August 4, 2016 | Iraq
August 4, 2016
IraqMiddle East

ICC Note: a 19-year-old survivor of sex slavery under ISIS has revealed how her captors would pray and perform rituals before assaulting her and other women. In her new book, titled The Girl Who Beat ISIS, the author gives her first hand experience as a sex slave to jihadis in a city occupied and run by ISIS. The author is of the Yazidi religion, who along with Christians, are the special targets of the Islamic State.

08/04/2016 Iraq (Christian Post): A 19-year-old girl who was captured, raped and tortured multiple times by ISIS jihadists in Iraq reveals her harrowing account in a new book that describes the religious rituals the men practiced before carrying out the brutal attacks on women and children.

The book, titled The Girl Who Beat ISIS, shares the story of a Yazidi teenage girl in Iraq who goes by the pseudonym, Farida Khalaf, to protect her identity.

The Guardian noted in its review of the book that it provides a first-hand account of the torture women and girls are being forced to endure in cities held by IS (also known as ISIL, ISIS, Daesh). A number of minorities, including Christians, have been made to suffer greatly at the hands of IS, with Yazidis being heavily targeted because IS regards them as devil worshipers.

Khalaf explains in the book that women are treated like property, and are paraded in slave markets in Raqqa, where buyers seek to purchase virgins.

In one of the passages, the Yazidi girl describes how one IS fighter, Amjed from Azerbaijan, prayed to their god every time he was about to assault her.

“Each time he would carry out his religious ritual beforehand,” Khalaf wrote.
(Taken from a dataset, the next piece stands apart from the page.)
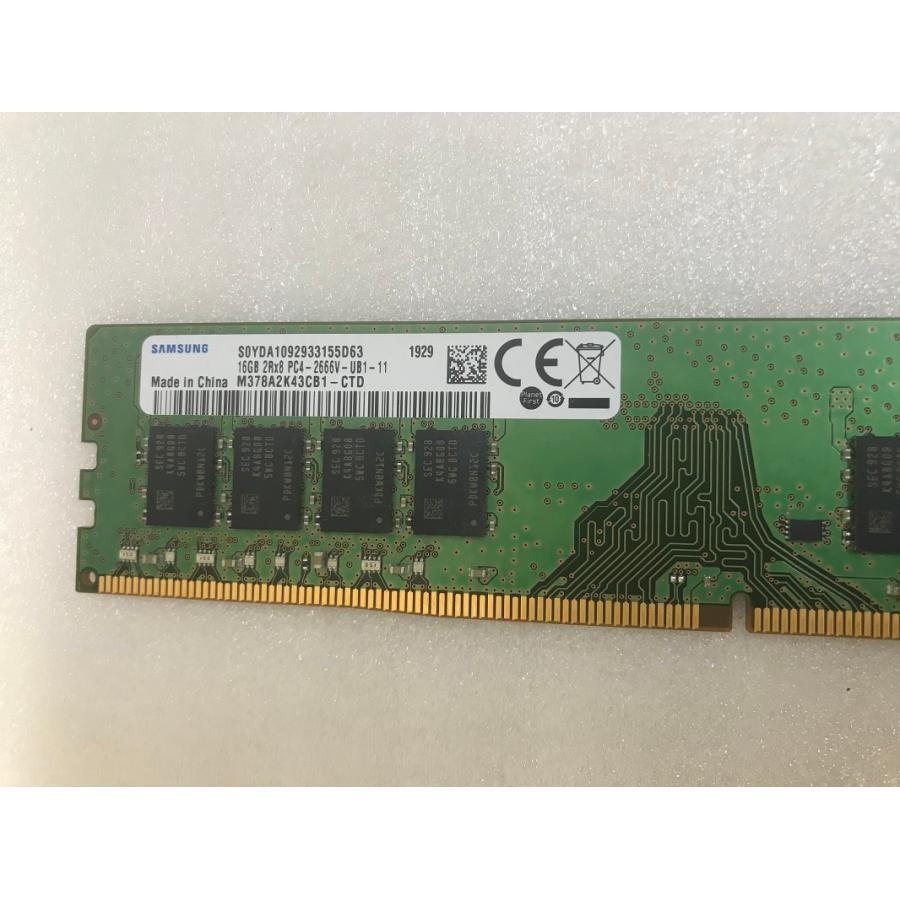 SAMSUNG PC4-2666V-UB1-11 16GB 1枚 DDR4デスクトップ用メモリ SAMSUNG PC4-2666V-UB1-11 16GB 1枚 DDR4デスクトップ用メモリ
Girls who try to escape such slave markets are often beaten within an inch of their lives.

Still, Khalaf managed to escape IS captivity, and was reunited with her mother and younger brothers at a refugee camp.

Her father is still missing and presumed dead, and at the camp she faced new challenges since her Yazidi culture regards rape victims as “defiled” and unable to marry.

Khalaf is now studying in Germany, looking to finish her education and become a math teacher, but she knows many others like her are waiting to be rescued from the terror that IS in inflicting.